Produce an exact copy of the first line of the data below and each line after it, please, up to and including the one with "Black Koi Phone".

Input Block Start

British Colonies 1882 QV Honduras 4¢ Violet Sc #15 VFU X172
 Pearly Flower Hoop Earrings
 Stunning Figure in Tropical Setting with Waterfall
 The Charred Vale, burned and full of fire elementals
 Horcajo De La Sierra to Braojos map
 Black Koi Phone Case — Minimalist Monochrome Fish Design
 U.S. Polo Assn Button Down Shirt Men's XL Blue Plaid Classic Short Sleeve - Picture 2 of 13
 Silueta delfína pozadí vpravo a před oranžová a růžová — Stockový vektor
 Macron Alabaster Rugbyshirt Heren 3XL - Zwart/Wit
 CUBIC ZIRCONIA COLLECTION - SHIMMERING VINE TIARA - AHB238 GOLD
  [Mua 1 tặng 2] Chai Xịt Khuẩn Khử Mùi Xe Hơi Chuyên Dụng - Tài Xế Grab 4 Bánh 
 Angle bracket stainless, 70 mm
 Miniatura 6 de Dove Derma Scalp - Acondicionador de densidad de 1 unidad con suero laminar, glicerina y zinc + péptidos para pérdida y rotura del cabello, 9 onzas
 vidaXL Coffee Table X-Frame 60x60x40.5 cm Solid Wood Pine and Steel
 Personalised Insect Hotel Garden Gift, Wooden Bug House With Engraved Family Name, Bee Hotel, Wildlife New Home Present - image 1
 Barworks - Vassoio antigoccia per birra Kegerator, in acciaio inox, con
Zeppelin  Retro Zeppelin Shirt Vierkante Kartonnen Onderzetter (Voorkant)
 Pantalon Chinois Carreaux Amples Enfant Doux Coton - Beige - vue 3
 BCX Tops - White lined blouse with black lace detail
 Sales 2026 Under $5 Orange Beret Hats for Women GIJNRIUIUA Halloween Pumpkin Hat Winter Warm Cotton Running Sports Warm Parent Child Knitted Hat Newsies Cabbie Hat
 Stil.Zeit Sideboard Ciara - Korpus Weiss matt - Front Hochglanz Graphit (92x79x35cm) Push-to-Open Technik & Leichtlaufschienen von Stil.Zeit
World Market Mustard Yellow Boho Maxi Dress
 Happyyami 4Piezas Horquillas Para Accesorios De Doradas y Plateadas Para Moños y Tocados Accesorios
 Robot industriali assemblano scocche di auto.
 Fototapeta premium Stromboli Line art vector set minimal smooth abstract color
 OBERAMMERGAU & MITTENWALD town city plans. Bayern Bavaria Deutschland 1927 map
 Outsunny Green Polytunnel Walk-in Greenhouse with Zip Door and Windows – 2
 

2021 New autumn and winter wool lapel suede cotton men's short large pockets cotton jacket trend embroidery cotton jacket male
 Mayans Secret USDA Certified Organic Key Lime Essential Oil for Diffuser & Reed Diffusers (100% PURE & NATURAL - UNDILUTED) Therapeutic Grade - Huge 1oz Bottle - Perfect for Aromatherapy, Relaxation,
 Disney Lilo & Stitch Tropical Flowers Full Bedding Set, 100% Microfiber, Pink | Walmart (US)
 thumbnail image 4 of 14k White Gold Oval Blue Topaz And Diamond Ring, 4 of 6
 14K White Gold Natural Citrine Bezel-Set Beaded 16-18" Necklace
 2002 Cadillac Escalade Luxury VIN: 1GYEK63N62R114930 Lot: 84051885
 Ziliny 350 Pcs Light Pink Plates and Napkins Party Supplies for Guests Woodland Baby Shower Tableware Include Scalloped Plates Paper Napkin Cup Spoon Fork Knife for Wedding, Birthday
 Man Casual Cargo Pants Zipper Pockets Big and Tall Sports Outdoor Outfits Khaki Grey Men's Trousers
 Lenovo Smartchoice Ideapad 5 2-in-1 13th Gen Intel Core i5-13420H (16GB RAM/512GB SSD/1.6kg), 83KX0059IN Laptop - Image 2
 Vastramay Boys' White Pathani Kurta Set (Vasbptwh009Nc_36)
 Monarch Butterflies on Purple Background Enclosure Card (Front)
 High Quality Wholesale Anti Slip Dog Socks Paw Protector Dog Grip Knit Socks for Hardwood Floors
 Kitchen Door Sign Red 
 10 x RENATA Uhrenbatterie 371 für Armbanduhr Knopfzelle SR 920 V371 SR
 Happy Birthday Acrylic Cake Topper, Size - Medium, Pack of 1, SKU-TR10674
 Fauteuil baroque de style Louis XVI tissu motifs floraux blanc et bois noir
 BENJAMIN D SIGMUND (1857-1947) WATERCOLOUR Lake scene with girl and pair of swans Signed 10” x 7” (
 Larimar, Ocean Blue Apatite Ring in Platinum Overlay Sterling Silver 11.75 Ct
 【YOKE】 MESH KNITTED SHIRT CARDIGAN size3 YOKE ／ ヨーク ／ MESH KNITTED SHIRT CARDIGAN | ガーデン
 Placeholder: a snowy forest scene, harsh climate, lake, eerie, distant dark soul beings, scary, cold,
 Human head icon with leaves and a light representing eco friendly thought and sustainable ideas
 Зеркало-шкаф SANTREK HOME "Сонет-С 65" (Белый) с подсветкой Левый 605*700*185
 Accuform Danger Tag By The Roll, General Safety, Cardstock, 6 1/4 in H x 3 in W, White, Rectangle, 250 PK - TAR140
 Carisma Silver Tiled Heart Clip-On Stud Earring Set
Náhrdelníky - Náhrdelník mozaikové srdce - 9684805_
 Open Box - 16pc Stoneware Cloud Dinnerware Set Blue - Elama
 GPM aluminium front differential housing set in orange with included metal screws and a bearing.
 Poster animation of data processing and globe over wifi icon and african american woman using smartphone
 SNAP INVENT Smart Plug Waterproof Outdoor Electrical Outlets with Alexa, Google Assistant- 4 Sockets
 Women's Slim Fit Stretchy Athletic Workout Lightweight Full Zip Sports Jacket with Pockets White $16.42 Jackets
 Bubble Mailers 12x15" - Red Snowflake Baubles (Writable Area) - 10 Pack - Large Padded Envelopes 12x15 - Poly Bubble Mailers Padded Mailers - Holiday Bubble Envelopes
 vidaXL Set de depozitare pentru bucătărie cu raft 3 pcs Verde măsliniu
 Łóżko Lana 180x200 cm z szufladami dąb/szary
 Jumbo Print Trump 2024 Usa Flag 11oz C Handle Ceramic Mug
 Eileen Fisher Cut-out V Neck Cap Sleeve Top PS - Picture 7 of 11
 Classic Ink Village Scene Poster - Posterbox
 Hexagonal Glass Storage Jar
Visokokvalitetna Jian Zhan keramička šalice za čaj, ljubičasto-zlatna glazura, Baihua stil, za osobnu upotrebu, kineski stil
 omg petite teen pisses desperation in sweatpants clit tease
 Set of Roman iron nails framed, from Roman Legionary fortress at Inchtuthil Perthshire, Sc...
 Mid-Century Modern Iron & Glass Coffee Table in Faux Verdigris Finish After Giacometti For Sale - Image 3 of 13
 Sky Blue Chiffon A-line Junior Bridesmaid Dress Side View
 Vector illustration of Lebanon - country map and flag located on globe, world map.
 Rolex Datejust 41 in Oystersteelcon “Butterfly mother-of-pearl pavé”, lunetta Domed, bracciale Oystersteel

Input Block End

- **Exercise answer**
British Colonies 1882 QV Honduras 4¢ Violet Sc #15 VFU X172
 Pearly Flower Hoop Earrings
 Stunning Figure in Tropical Setting with Waterfall
 The Charred Vale, burned and full of fire elementals
 Horcajo De La Sierra to Braojos map
 Black Koi Phone Case — Minimalist Monochrome Fish Design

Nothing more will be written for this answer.